◆ Goal of the exercise ◆
Set the pictures aside and return each record below precisely as written.

Records from a data collection:
*-*-*

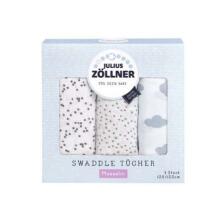 Julius Zollner Swaddle Art.8973500006 Augstākās kvalitātes muslina autiņš no bambusa 120х120 cm.3 gab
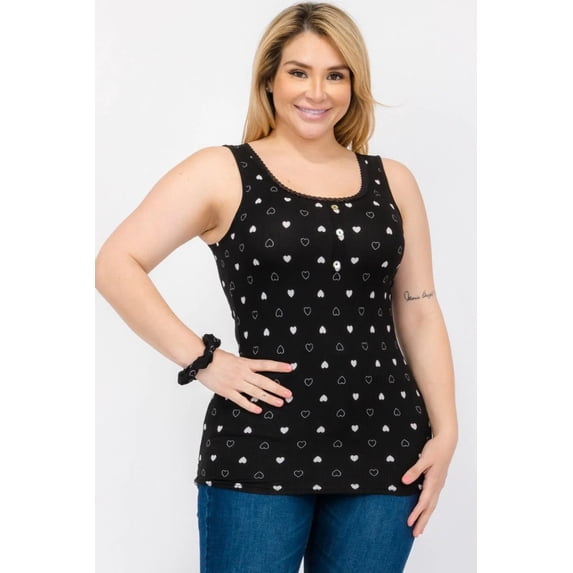 Plus Size Ribbed Knit Henley Tank Tops With Lace Trim - Black White Hearts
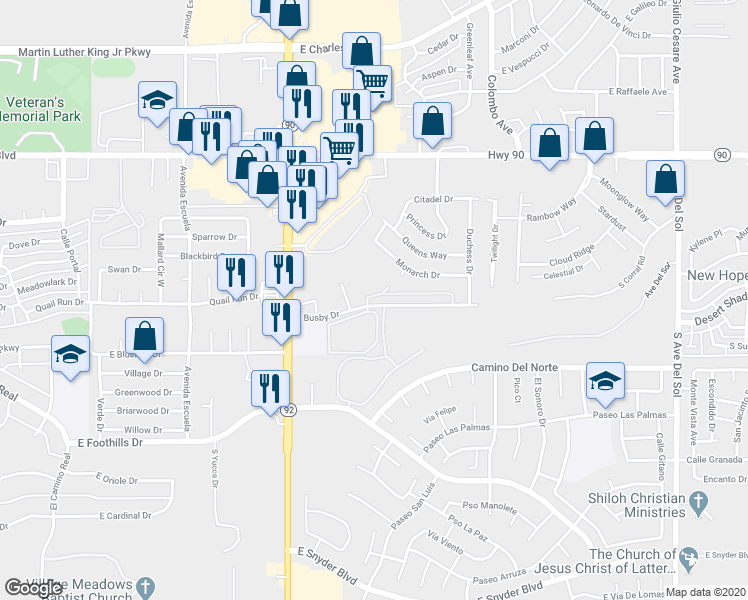 map of restaurants, bars, coffee shops, grocery stores, and more near 4310 Desert Springs Trail in Sierra Vista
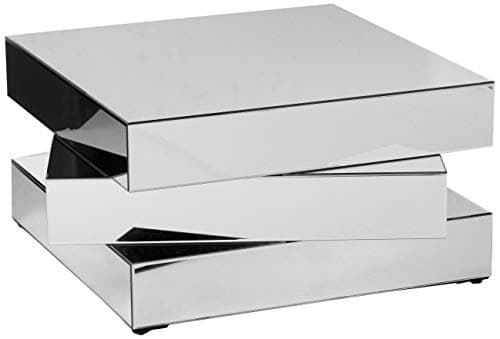 Meridian Furniture Haven Collection Modern Contemporary Mirrored Coffee Table Featuring a Bold Geometric Design, 39.5" W x 39.5" D x 18.5" H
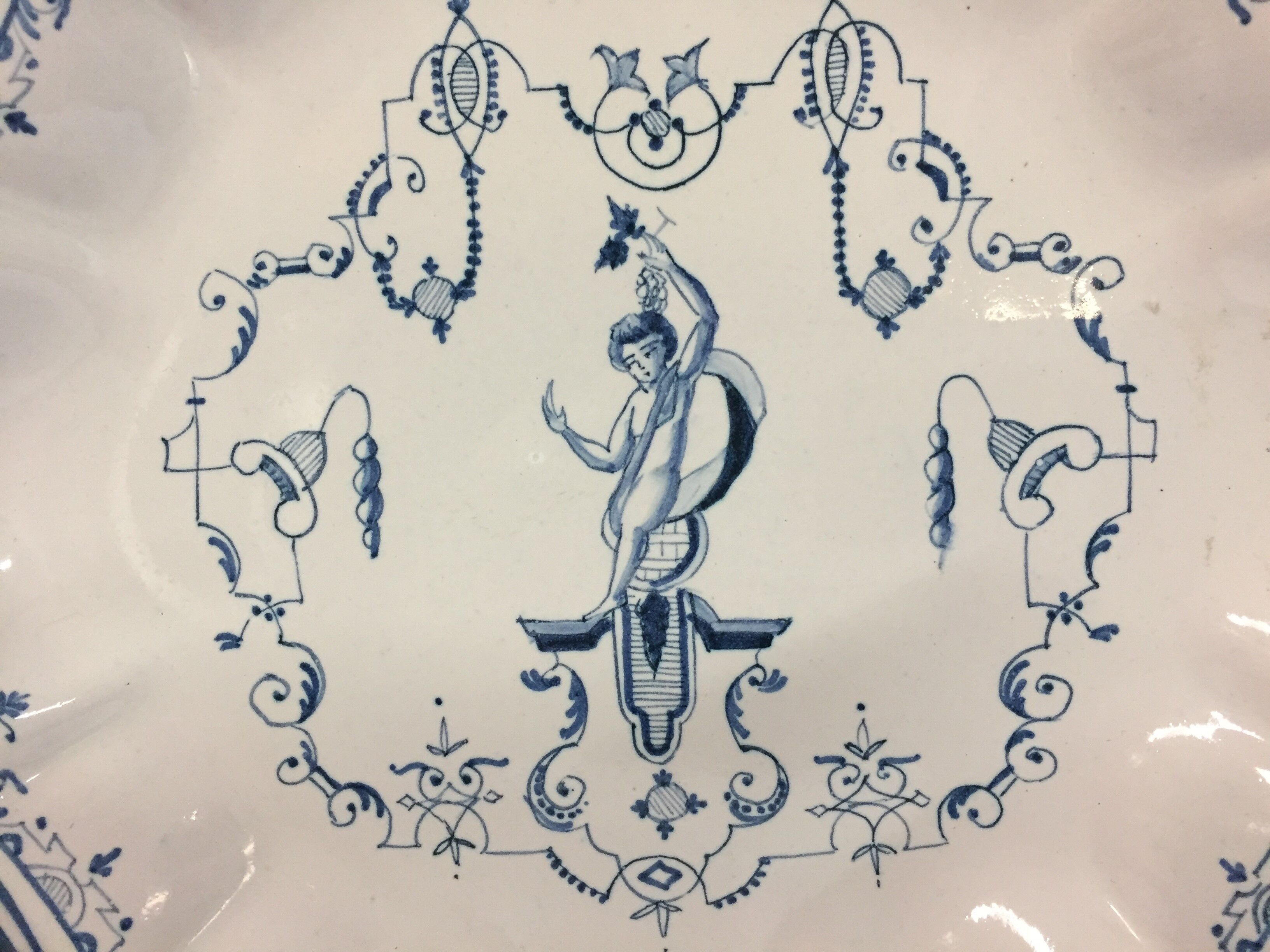 Decorative plate earthenware of Moustiers décor a la berain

*-*-*

◆ Result of this exercise ◆
 Julius Zollner Swaddle Art.8973500006 Augstākās kvalitātes muslina autiņš no bambusa 120х120 cm.3 gab
 Plus Size Ribbed Knit Henley Tank Tops With Lace Trim - Black White Hearts
 map of restaurants, bars, coffee shops, grocery stores, and more near 4310 Desert Springs Trail in Sierra Vista
 Meridian Furniture Haven Collection Modern Contemporary Mirrored Coffee Table Featuring a Bold Geometric Design, 39.5" W x 39.5" D x 18.5" H
 Decorative plate earthenware of Moustiers décor a la berain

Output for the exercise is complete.